“Doctors?” said Ron, looking startled. “Those Muggle nutters that cut people up?”
~ J.K. Rowling, Harry Potter and the Order of the Phoenix“I saved a man’s life once,” said Granny. “Special medicine, twice a day. Boiled water with a bit of berry juice in it. Told him I’d bought it from the dwarves. That’s the biggest part of doct’rin, really. Most people’ll get over most things if they put their minds to it, you just have to give them an interest.”
~ Terry Pratchett, Equal Rites
Nurse Bert is having a big operation today.
Our free dog, come to us through fate and a cardboard box prison, has already cost us thousands. But what price love?
As a young dog he had first one and then the other back leg’s knee reconstructed because of severe patella luxation. A genetic deformity. Our vet always joked that Bert was the luckiest dog alive to have landed in our household and under our care.
After years of Bert’s tender nursing of me as I have battled Lyme disease, I’m not so sure who is the more fortunate.

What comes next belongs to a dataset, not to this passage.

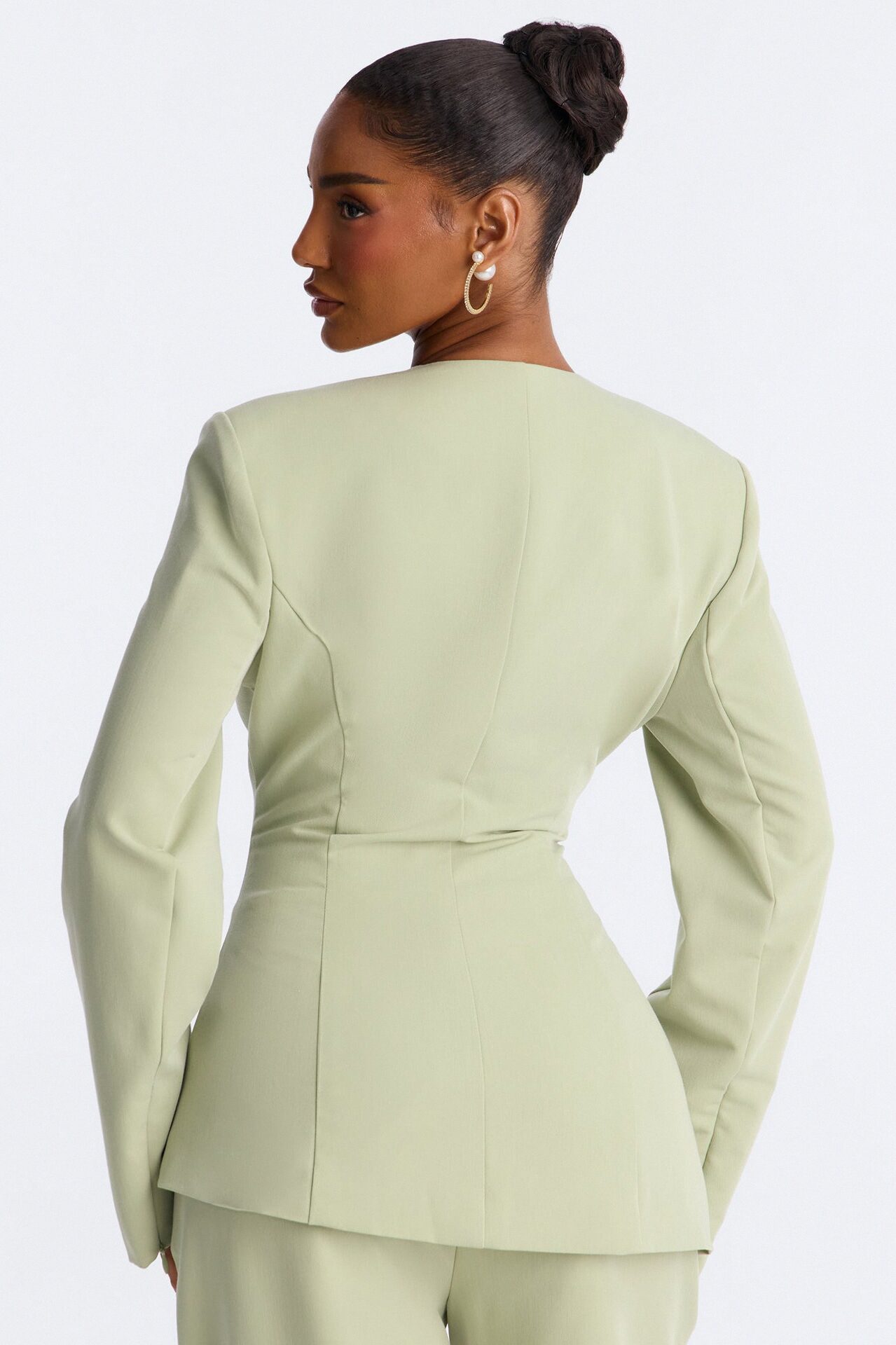 Miss Fabulous Collarless Fitted Blazer - Sage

Of course there have been many more hospitalisations and close calls. A few years ago Bert took a bait thrown over the fence by robbers at our city house and almost died from internal hemorrhaging. Last year he ate a vast quantity of macadamia nuts and nearly croaked it. And then ate rat bait at a friend’s farm, and endured yet another touch-and-go experience.
Earlier this year he ended up in surgery again after developing a huge abscess thanks to an errant grass seed.
And today? Today he’s having surgery to repair a snapped cruciate ligament. A situation complicated by his previous knee surgeries, and requiring a specialist vet surgeon. Surgery not covered by insurance, and one which will cost roughly the same amount as the holiday we would have had later this year.
But none of that matters. Bert is in pain, and as an athletic dog who needs to keep up with his younger brother Harry down on the farm, the surgery is needed. Neither of the other options were options at all. (Let him limp and suffer and try to keep him quiet while giving him vast quantities of anti-inflammatories. The pain would worsen and nothing to be done. Or euthanasia. Honestly!)
Keep our boy in your thoughts today. Send him a little love and healing if you get the chance. He’s been the bestest friend and companion I could ever hope for, and all I want is for his op to go smoothly, and for his outcome to be good.
I already have my essential oil kit and crystal grid ready for him when he comes home, to keep him calm and hasten his healing. And I promise to keep you posted about his progress!